SPUR’s report Critical Cooling recommends 42 options for reducing local carbon emissions. This is one of them. To learn about all 42 ideas, read the full report

Expand energy efficiency rebates and installation services

Urbanist Article
Annual savings potential:
Annual public cost:
Public cost per ton:
Implementing agency:
Horizon year:
4,900 tons
$6 million
Department of the Environment


  • Life cycle of energy efficiency improvements is 10 years
  • City provides $6 million for energy efficiency rebates and direct-install programs to add to the amount funded by PG&E


Public goods charge-funded energy efficiency programs are not a particularly cost-effective tool for reducing carbon emissions. Although rebates may attract people to buy more energy efficient products than they otherwise might, the private savings they will obtain by using less electricity — and the reduction in demand for local supplies — probably are more valuable benefits.

What we do now
Investments in energy efficiency, such as appliance upgrades, efficient HVAC systems and improved weatherization, are primarily financed through private investment by individual consumers. Although many energy efficiency investments have been proven to be cost-effective, several barriers – especially a lack of funding, incomplete information, and split incentives between principal and agent historically have impeded their widespread application.

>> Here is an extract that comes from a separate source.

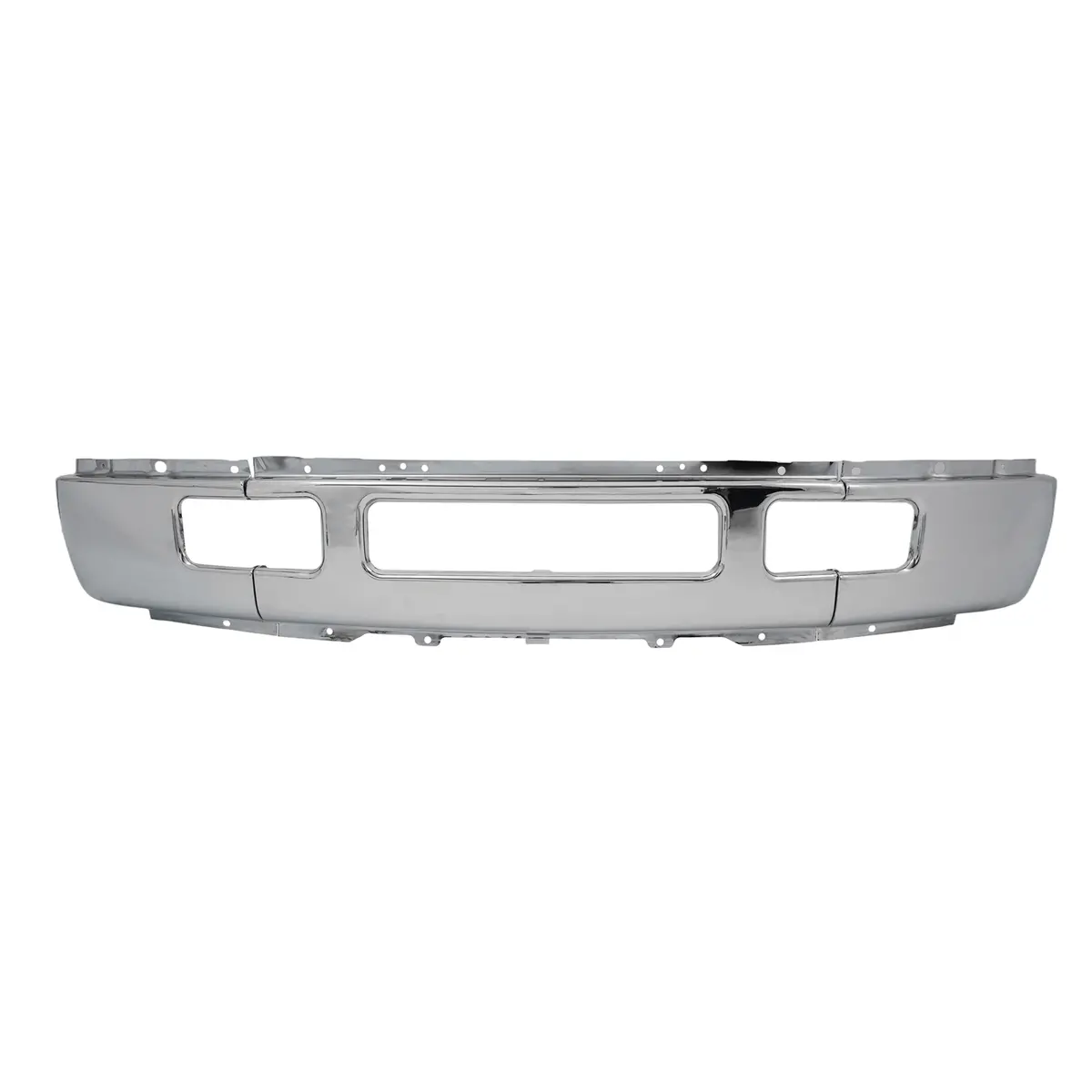 Fit For Ford F-250 F-350 Super Duty 2005-2007 Steel Chrome Front Bumper 1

Since a major barrier to increased efficiency investment is the initial capital cost to the customer, programs to alleviate some of those costs are common throughout the country. In San Francisco and throughout California, utilities provide customers with incentives such as rebates on the purchase of efficient lighting and appliances, and assistance with energy audits, to help defray the cost of investing in energy efficiency. These incentives are paid for from a pool of resources collected from every customer’s utility bill. All utility customers pay a small public goods charge as part of their monthly bill. Those funds are aggregated by the California Energy Commission, and spent by PG&E and other utilities to provide voluntary energy efficiency services to eligible customers, among other things. PG&E provides residential customers with rebates on energy efficient lighting, appliances and home renovations to offset some of the replacement cost of these items. PG&E provides non-residential customers a range of services to identify opportunities to increase energy efficiency and help defray the cost of those investments. PG&E collects roughly $8 million a year in public goods charge funds from its customers in San Francisco and uses these funds on a variety of programs for residential and commercial customers. In addition to rebates and financial incentives, public goods charge funds are used to educate the public about the economic and environmental benefits of reducing energy consumption, through multimedia campaigns such as the statewide Flex Your Power program.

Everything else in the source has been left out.